Quem também contestou a leitura que o próprio Adriano Moreira fez da sua participação no governo de Salazar, a qual ontem foi secundada por Marcelo Rebelo de Sousa, é o historiador Diogo Ramada Curto, que também não entende que os seis decretos do ministro Moreira (aprovados a 6 de setembro, dia dos seus anos) levaram a reformas que conduziram a uma “autonomia progressiva e irreversível”. Ramada Curto nota que, ao mesmo tempo que extingue o Indigenato, criava, por outro lado, a lei das regedorias, a qual “fixava as populações nativas e colocava os chefes nativos na posição de colaboradores do Estado colonial, criando aldeamentos e, na prática, campos de concentração, uma vez que as pessoas não podiam sair sem a autorização do regedor, que era o chefe indígena”. Assim, o historiador entende que Moreira não fez mais que tirar com uma mão e dar com a outra, concluindo que “há um excesso de empolamento do luso-tropicalismo e da ideia de reforma.”
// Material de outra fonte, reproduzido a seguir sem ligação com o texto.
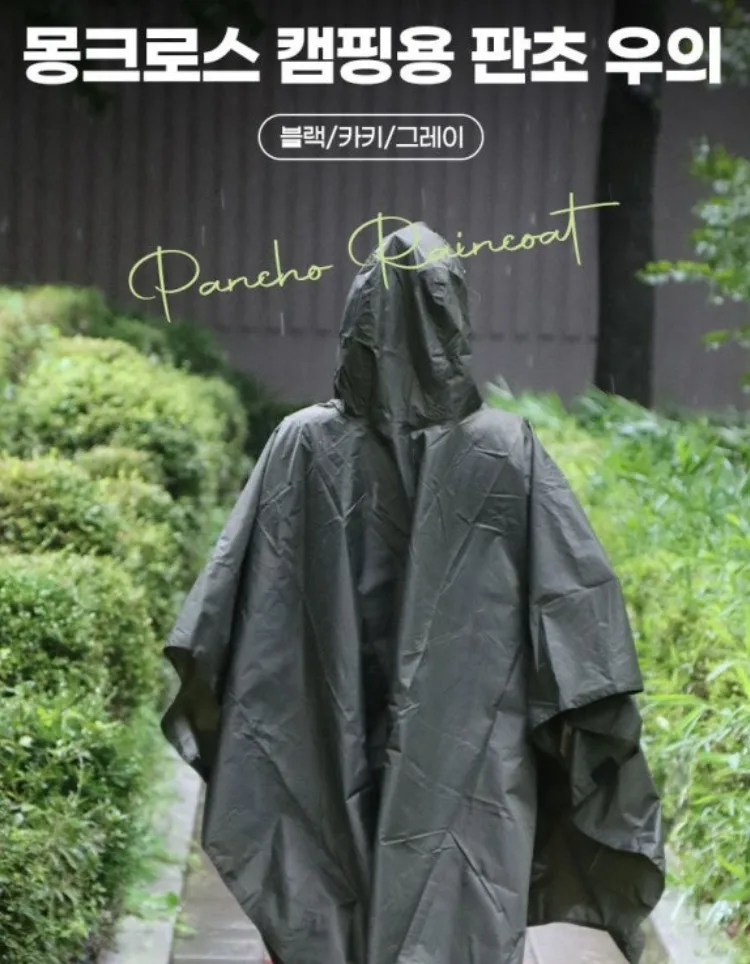 [몽크로스] 판초우의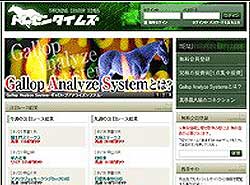 トレセンタイムズ 　競馬予想サイト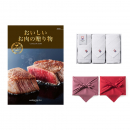 おいしいお肉の贈り物 HMBコース + 今治 綾 フェイスタオル3枚セット  カタログギフト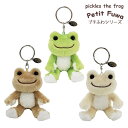 ナカジマコーポレーション 167675-712 かえるのピクルス プチふわマスコットぬいぐるみ pickles the frog かえる カエル フロッグ frog 玩具 toy 子供 キッズ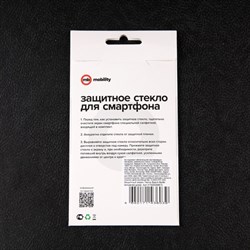 Защитное стекло mObility, для Tecno Spark 8p/8c, полный клей, чёрное - фото 51396590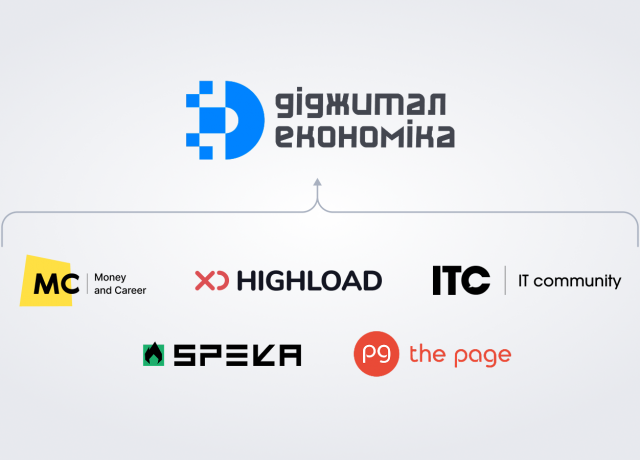 ITC.ua, MC.today та Highload об’єднуються із діловим виданням The Page та платформою SPEKA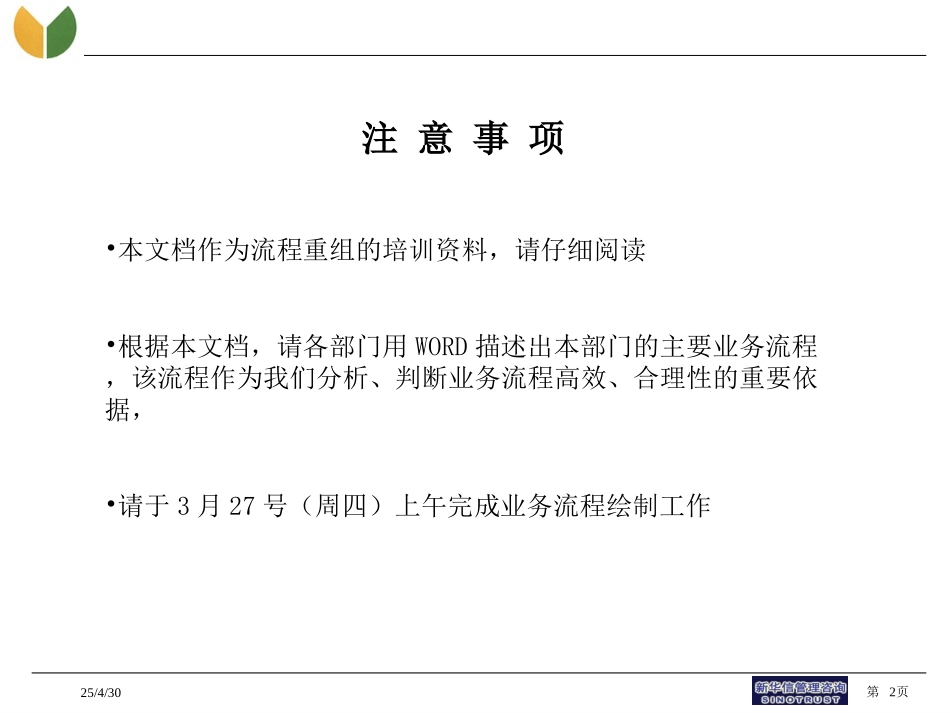 流程描述方法.ppt_第2页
Depois, é claro que é importante também reforçar a forma como se afastou do governo em rutura com Salazar, que lhe teria exigido que endurecesse as suas políticas. E para consagrar essa airosa saída, Moreira gostava de contar a resposta que deu ao presidente do Conselho, quando este recusou a sua proposta mudança: “Vossa excelência acaba de mudar de ministro.” Depois veio a democracia, Moreira foi saneado das funções oficiais e escolheu passar um tempo exilado no Brasil até que as coisas acalmassem, regressando, em 1980, para voltar à política activa. Foi candidato a deputado nas listas da Aliança Democrática, filiou-se no CDS, chegou à liderança em 1986, nas legislativas do ano seguinte não consegue mais do que 4,4% e o CDS fica conhecido como o “partido do táxi”, ficando-se por quatro deputados, sendo que, em 1976, tinha conseguido 42. Moreira continuou na Assembleia até 1995. Duas décadas depois, foi nomeado para o Conselho de Estado pelo CDS, onde ficou até 2019, já na Presidência de Marcelo Rebelo de Sousa, que lhe concedeu as duas últimas condecorações.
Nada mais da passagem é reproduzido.